Derthick’s is located at 5182 State Route 82, Mantua Township.
Maze hours are 6 -11 p.m. Friday, 1-11 p.m. Saturday (last tickets are sold at 9:30 p.m. Friday and Saturday) and noon to 6 p.m. Sunday (last tickets are sold at 4:30 p.m.).
Apple orchard offerings
Northeastern Wayne County boasts two apple orchards, Rittman Orchards and Bauman Orchards, that have switched things up this year because of the pandemic.
Dianna Bauman of Bauman Orchards in Rittman this year is calling three consecutive Saturdays — this Saturday, Sept. 26 and Oct. 1— Harvest Days. They’re trimmed-down version of Bauman’s previous fests.
On the three Saturdays, Bauman Orchards will offer homestyle doughnuts for purchase, pony rides, and a visit with farm animals. Children will be able to paint their own pumpkins and a food truck will be on hand. Pick-your-own apple season began earlier this week.
But this year there won’t be any wagon rides, petting zoo or hay maze, which previously has been in a barn.
Despite the pandemic, sales are doing better at the orchard store than in past years.
The store features a variety of baked goods, fresh vegetables, fruits (including apples, of course) and jams, jellies and other jarred edibles.

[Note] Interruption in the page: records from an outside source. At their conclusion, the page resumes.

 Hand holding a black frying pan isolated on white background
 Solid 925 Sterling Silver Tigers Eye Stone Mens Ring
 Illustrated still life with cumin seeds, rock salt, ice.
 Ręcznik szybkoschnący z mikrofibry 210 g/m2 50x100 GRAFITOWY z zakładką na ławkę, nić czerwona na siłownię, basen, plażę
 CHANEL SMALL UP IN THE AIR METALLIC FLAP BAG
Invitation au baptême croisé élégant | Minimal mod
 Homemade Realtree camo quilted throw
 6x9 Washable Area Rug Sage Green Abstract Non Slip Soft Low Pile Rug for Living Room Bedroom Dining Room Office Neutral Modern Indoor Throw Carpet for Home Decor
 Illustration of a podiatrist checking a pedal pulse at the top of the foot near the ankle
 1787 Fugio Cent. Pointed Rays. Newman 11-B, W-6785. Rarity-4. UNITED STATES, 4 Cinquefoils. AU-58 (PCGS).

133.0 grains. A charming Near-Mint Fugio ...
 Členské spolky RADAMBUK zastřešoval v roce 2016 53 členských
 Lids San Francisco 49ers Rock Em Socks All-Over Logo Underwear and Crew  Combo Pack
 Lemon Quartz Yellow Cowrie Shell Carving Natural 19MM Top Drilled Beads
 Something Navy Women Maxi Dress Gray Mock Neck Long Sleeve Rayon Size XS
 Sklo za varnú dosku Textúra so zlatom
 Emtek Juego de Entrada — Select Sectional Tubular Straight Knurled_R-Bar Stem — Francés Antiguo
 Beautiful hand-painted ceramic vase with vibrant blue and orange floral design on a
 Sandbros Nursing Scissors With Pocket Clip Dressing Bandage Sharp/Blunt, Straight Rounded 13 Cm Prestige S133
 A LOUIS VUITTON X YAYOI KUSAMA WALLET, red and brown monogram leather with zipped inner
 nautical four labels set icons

“A lot of people are doing a lot more canning,” Dianna Bauman noted.
Bauman Orchards is located at 161 Rittman Ave., Rittman.
It’s open 8 a.m. to 6 p.m. Monday through Friday and 8 a.m. to 5 p.m. Saturday.
At Rittman Orchards in Doylestown, COVID-19 concerns prompted owners to cancel the traditional fall fest that ran consecutive weekends.
But the farm market is open and the pick-your-own-apples portion of the orchard will open Sept. 22.
Pick-your-own customers will be able to finish filling bags with apples from the orchard’s farm market if they want to try varieties not available for picking.
A cautionary note: There are only 17 people allowed in the orchard’s farm market at one time because of COVID-19 restrictions. Don’t be shocked if a line forms on weekends, Rittman Orchards notes on its website.
Rittman Orchards is located at 13548 Mount Eaton Road, Doylestown.
It’s open 9 a.m. to 5 p.m. Tuesday through Saturday and 11 a.m. to 5 p.m. Sunday.
Bent Ladder — which sells hard cider and wine and is at Rittman Orchards — is open noon to 9 p.m. Thursday through Saturday and noon to 6 p.m. Sunday .
While seating is outdoor only for now, it comes with quite a view — a large pond and a rural valley.
The Bent Ladder hosts musicians performing outside most Friday and Saturday nights. Food trucks are frequently on site.
Harvest Days at Hale Farm
In Summit County, while the Hale Harvest 5K run is canceled this year, Hale Farm & Village, the farm and collection of historic structures in Bath, is going forward with its Harvest Days. They will be 10 a.m. to 5 p.m. Oct. 3-4 and Oct 10-11. Masks will be required.
Featured will be an apple cider press pumpkin patch, apple butter making, kettle corn, farmyard animals, a fall nature hunt and more. Members of the Akron Symphony Orchestra will play in the Broom Barn Oct. 3 and Oct. 10.
Various activities deemed “high touch” have been removed.
Hale Farm is located at 2686 Oak Hill Road, Bath.